Je sais pas pantoute pourquoi chus pas juste sorti par la porte d’en avant. Je pensais qu’il y aurait quoi, des sentinelles, avec des walkie-talkies, les alertant de mon évasion?! Toujours est-il que en passant devant la cuisine, j’ai vu que au fond, une porte menait dehors, faque je me suis engagé dedans, zigzaguant entre les cooks. Peut-être que je voulais augmenter le petit caractère illicite de la chose.

Une fois dehors, je me mets à courir. Mon téléphone sonne, c’est Davey, je réponds pas. J’hésite un peu… devrais-je retourner? Une camionette approche au loin, et subconsciemment, je lève ma main, et elle arrête. Point de non-retour.

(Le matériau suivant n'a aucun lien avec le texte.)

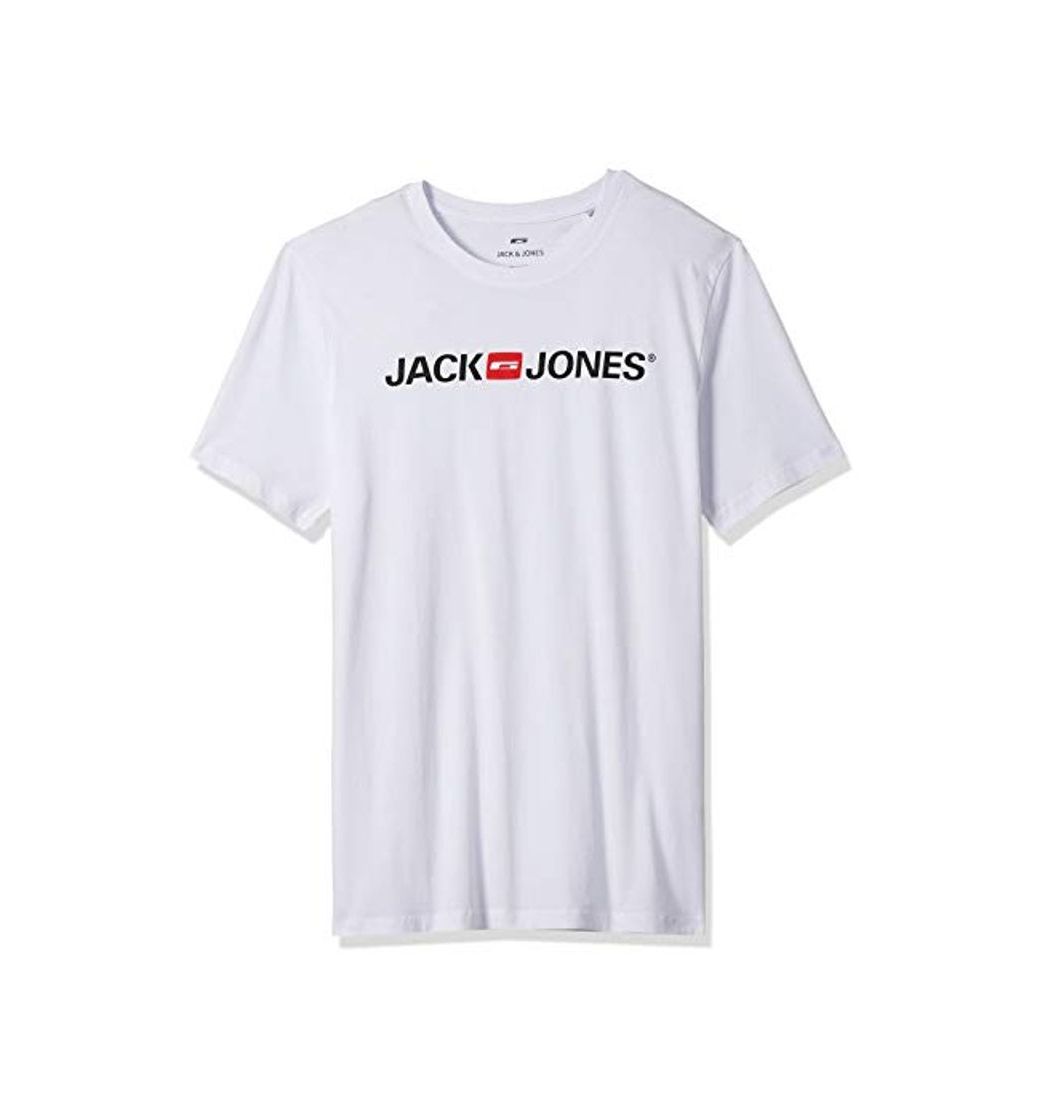 Fashion Jack & Jones Jjecorp Logo tee SS Crew Neck Noos Camiseta, Blanco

Les trois gars dans la vanne sont évidemment un peu confus que je sois là, je leur demande si y vont en ville. Non, jusqu’à l’autoroute, on peut t’emmener, qu’ils disent. Je les remercie et saute dans le véhicule.

Mon cell arrête pas de sonner, je l’éteins. Rendus à l’autoroute, le chauffeur s’apprête a prendre une bretelle qui va dans la direction opposée d’où je veux aller, et me pointe le chemin. Je suis à 6 km de chez moi (j’ai checké sur Google Maps le lendemain), je suis encore un peu pompé, alors je me rends à pied, alternant marche rapide et jogging.

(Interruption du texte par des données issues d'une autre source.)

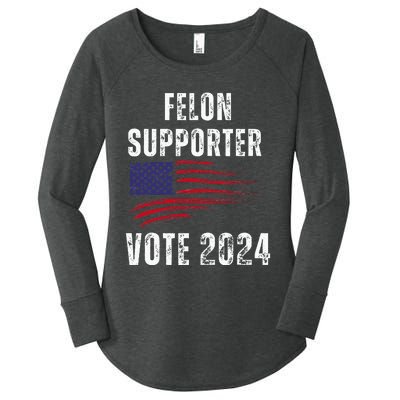 Felon Supporter Meme Voting Humor Make Your Vote Count Women's Perfect Tri Tunic Long Sleeve Shirt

Davey était évidemment pas content. Je l’ai pas vu pendant au moins une semaine, durant laquelle un de nos chums communs américains lui a expliqué pourquoi ce qu’il a fait, ça se fait pas. En tant que laowai dans une petite ville creuse, on reçoit déjà assez d’attention non-voulue comme ça, et ça en vient overwhelming. Ça fait partie de la game comme on dit, et il faut accepter ça, mais quand c’est une personne qu’on croyait notre ami qui nous traîne dans une telle situation, bin ça fait chier. Quand je l’ai croisé quelques jours plus tard, je me suis excusé de l’avoir embarassé, il s’est excusé de m’avoir bait-and-switch comme ça, et boom, drama over. On est encore chums à ce jour et les rares fois je le vois (on habite loin) des fois on en rit.